Becker is also a huge baseball fan who's made a careful study of Michael Lewis's 2004 best-selling book, Moneyball, which tells how Oakland Athletics general manager Billy Beane used nontraditional statistics, called sabermetrics, to make judgments about players and game strategy. Looking at the numbers, for instance, Beane determined that two popular baseball plays—bunting and stealing bases—don't contribute significantly to a team's chance of winning, so he banned them. Such decisions based on sabermetrics contributed to the Athletics' making it to the playoffs in 2002 and 2003.

That approach is basically what Lex Machina is doing for law. But while baseball is known for its reliance on statistics, Becker says, law has long been a profession that is more art than science. “Some people went to law school to avoid data," he quips.

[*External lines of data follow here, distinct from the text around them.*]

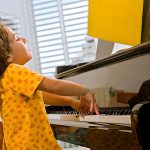 Flika spelar piano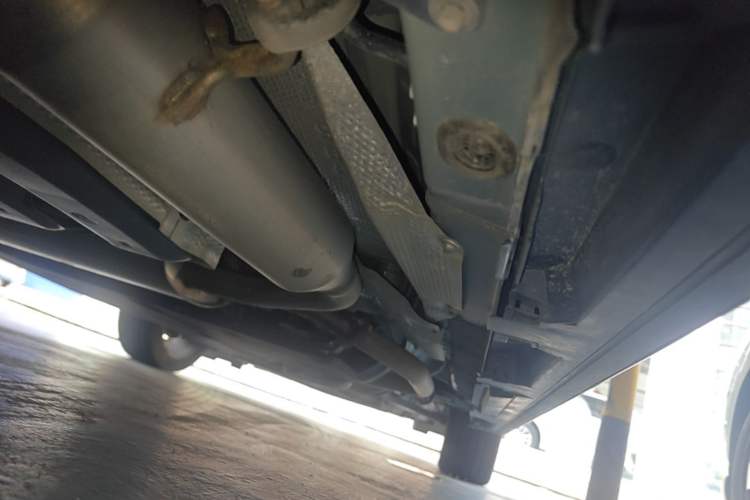 Used Toyota Granvia 2023 2.5L Hybrid Flagship VIP Edition Right Side Sill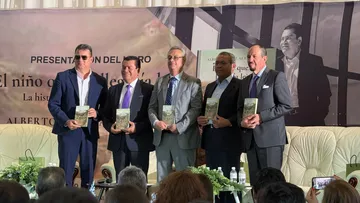 Presentan libro El niño que no llegaría lejos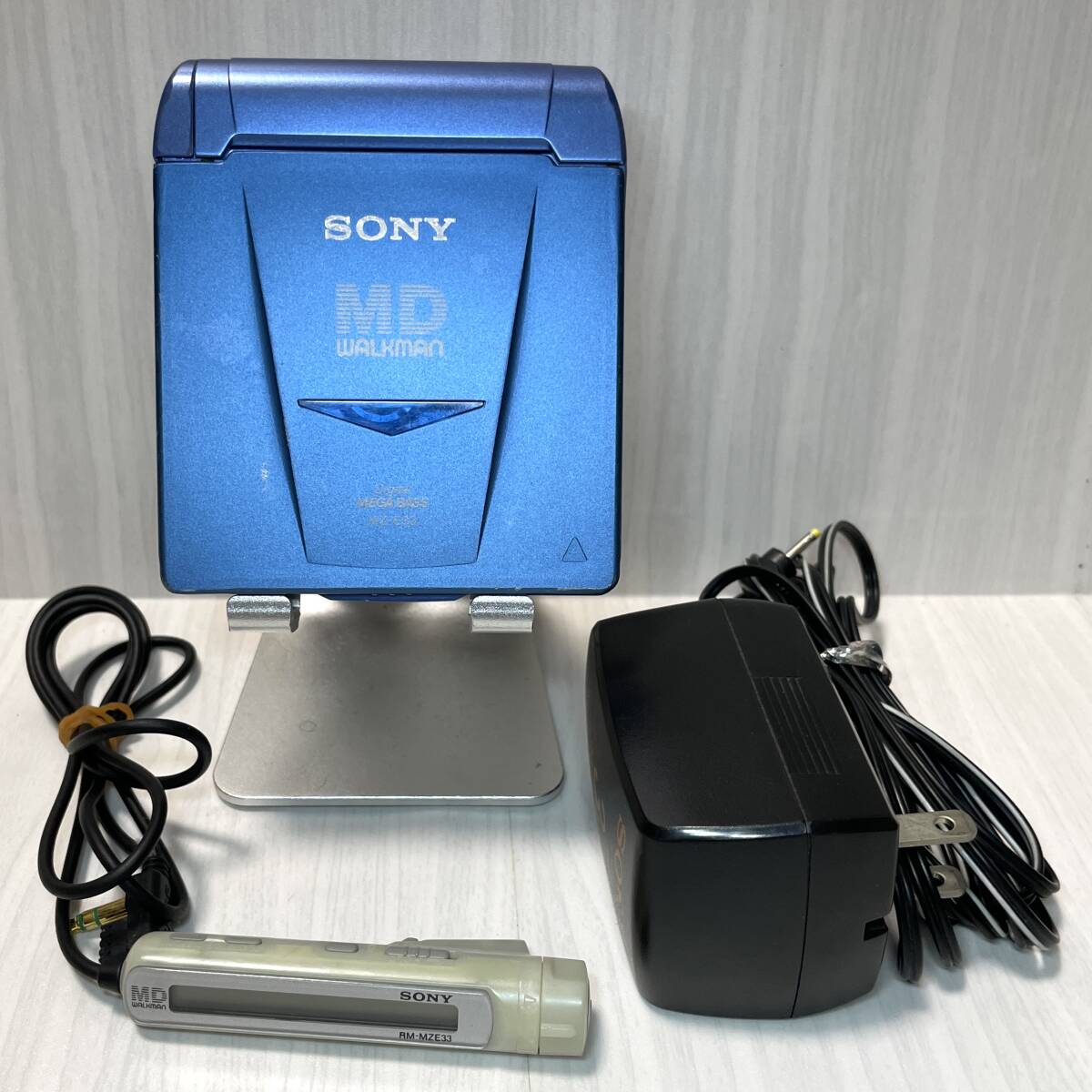 再生〇】SONY MDウォークマン MZ-E33 本体+リモコン+ACアダプタ 再生〇】SONY MDウォークマン MZ-E33 本体+リモコン+ACアダプタ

Lex Machina aims to change that. According to the company, its database covers more than 130 000 U.S. IP and antitrust cases dating back to the year 2000, including information on more than 1400 judges, 340 000 litigants, 100 000 attorneys, and 30 000 law firms. At present, it covers only the United States, but it may eventually include international patent cases as well.

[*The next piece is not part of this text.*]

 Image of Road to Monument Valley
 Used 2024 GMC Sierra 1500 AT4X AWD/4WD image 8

With patent wars raging in every sector of the technology industry, IP litigation is big business and getting bigger all the time. The number of patent lawsuits in the United States skyrocketed between 2010 and 2012, from around 3200 filings to more than 5000, according to the Administrative Office of the United States Courts. One recent study, by James Bessen and Michael J. Meurer of the Boston University School of Law, found that defending against “nonpracticing entities"—sometimes called patent trolls—cost companies some $29 billion in 2011. Corporations are looking for a way to cut those costs.

Traditionally, a company that's been sued for patent infringement, or is thinking of suing because its own IP has been infringed, will hire top attorneys to pursue its case. Yet the process of deciding whether, how, and even where to file such a suit is often driven by gut instinct rather than facts. Even the best patent attorney has seen maybe tens of cases that are similar to the client's. “Humans are limited. People haven't seen 10 000 cases or 100 000 cases—a human can't hold that kind of information," Katz says.

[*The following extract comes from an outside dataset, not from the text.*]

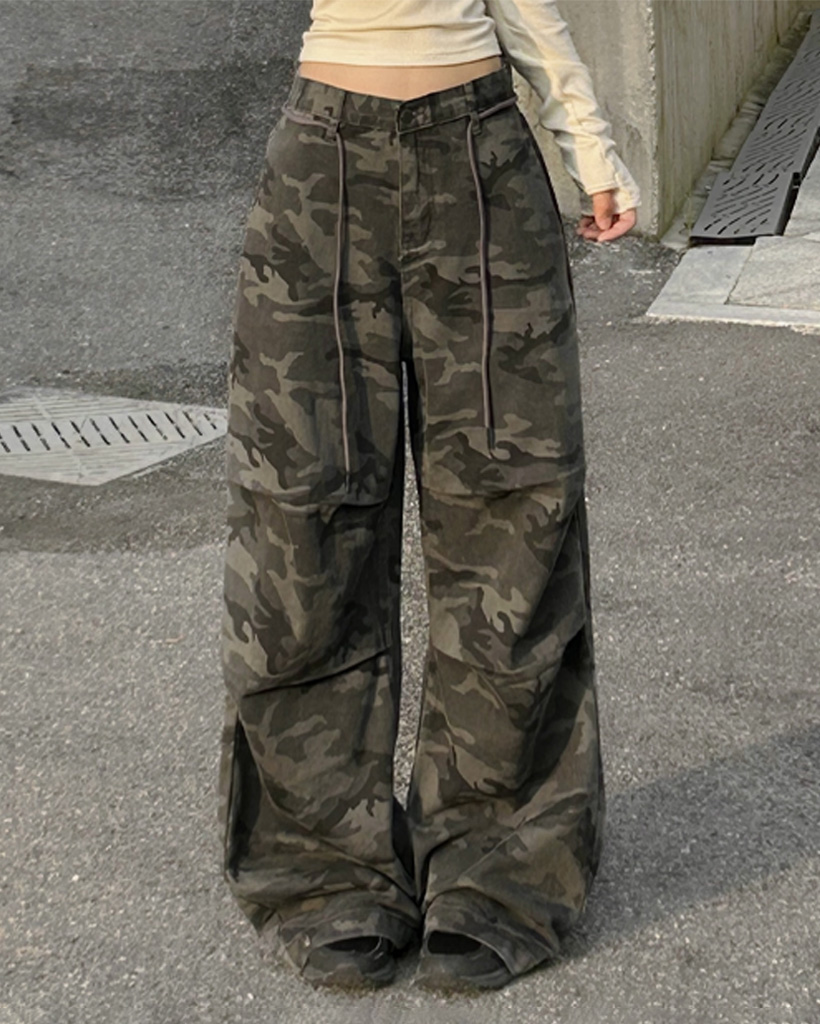 ミリタリータック入りストラップワイドパンツ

But Lex Machina can. For an annual subscription fee of around $50 000, its customers get access to 13 years of U.S. IP litigation. Just like the sabermetrics described in Moneyball, Lex Machina's database can aid in the formulation of broad strategy as well as the selection of players, says Becker. The company's stats reveal, among other things, which attorneys do the best against a particular patent troll, how much time and money it typically takes to fight a troll versus settling out of court, and even which judge you'd want to hear your case. The data might tell a company being sued that its peers have been settling similar lawsuits early, thereby saving money. Even if a company believes it's in the right, says Becker, a prolonged legal battle and “fighting to the death" may not make good business sense.

So how does Lex Machina do what it does? It started with documents—millions of pages of legal documents that, in theory at least, are available to anyone, free of charge. In practice, though, before Lex Machina came along, there was no easy way to collectively consider that vast body of information. Figuring out how to extract relevant data from countless files and then building a comprehensive database took years of dedicated effort on the part of Lex Machina's small and eclectic team. Among its 18 employees are 6 people with law degrees, 6 with computer science degrees, and 1 who has both.

The company began as an academic research project called the Intellectual Property Litigation Clearinghouse, launched by Lemley in 2006 as a collaboration between Stanford's law school and its computer science department. As Lemley explained during an interview on the sunny terrace of Stanford Law's William H. Neukom Building, “The industry was having all these debates about how to fix the patent system, and none of them were based on actual evidence."